• **Prompt**: Set each line of the data down exactly, please.

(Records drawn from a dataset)

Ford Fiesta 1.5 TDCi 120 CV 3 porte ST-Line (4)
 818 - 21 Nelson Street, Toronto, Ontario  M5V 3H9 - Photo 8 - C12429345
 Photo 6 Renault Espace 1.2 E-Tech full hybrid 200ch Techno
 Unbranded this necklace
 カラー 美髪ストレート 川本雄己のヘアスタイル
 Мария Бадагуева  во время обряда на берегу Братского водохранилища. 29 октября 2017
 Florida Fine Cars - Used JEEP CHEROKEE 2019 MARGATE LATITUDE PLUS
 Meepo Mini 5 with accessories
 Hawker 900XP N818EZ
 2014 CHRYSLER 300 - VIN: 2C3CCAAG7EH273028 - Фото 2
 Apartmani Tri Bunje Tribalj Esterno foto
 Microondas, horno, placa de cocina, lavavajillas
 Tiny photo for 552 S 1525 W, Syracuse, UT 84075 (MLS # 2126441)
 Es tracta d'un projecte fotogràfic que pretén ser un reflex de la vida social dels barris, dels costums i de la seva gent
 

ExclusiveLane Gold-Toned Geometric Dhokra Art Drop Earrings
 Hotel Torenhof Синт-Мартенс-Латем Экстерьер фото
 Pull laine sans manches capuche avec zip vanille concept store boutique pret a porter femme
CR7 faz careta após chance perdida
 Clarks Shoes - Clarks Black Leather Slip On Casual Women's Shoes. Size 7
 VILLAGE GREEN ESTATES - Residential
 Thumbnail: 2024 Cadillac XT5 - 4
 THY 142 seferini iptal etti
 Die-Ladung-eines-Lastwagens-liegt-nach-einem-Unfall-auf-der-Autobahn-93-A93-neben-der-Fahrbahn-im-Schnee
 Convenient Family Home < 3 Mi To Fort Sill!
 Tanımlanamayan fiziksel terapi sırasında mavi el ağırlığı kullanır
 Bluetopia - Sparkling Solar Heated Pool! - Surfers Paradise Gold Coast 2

• **Exercise solution**:
Ford Fiesta 1.5 TDCi 120 CV 3 porte ST-Line (4)
 818 - 21 Nelson Street, Toronto, Ontario  M5V 3H9 - Photo 8 - C12429345
 Photo 6 Renault Espace 1.2 E-Tech full hybrid 200ch Techno
 Unbranded this necklace
 カラー 美髪ストレート 川本雄己のヘアスタイル
 Мария Бадагуева  во время обряда на берегу Братского водохранилища. 29 октября 2017
 Florida Fine Cars - Used JEEP CHEROKEE 2019 MARGATE LATITUDE PLUS
 Meepo Mini 5 with accessories
 Hawker 900XP N818EZ
 2014 CHRYSLER 300 - VIN: 2C3CCAAG7EH273028 - Фото 2
 Apartmani Tri Bunje Tribalj Esterno foto
 Microondas, horno, placa de cocina, lavavajillas
 Tiny photo for 552 S 1525 W, Syracuse, UT 84075 (MLS # 2126441)
 Es tracta d'un projecte fotogràfic que pretén ser un reflex de la vida social dels barris, dels costums i de la seva gent
 

ExclusiveLane Gold-Toned Geometric Dhokra Art Drop Earrings
 Hotel Torenhof Синт-Мартенс-Латем Экстерьер фото
 Pull laine sans manches capuche avec zip vanille concept store boutique pret a porter femme
CR7 faz careta após chance perdida
 Clarks Shoes - Clarks Black Leather Slip On Casual Women's Shoes. Size 7
 VILLAGE GREEN ESTATES - Residential
 Thumbnail: 2024 Cadillac XT5 - 4
 THY 142 seferini iptal etti
 Die-Ladung-eines-Lastwagens-liegt-nach-einem-Unfall-auf-der-Autobahn-93-A93-neben-der-Fahrbahn-im-Schnee
 Convenient Family Home < 3 Mi To Fort Sill!
 Tanımlanamayan fiziksel terapi sırasında mavi el ağırlığı kullanır
 Bluetopia - Sparkling Solar Heated Pool! - Surfers Paradise Gold Coast 2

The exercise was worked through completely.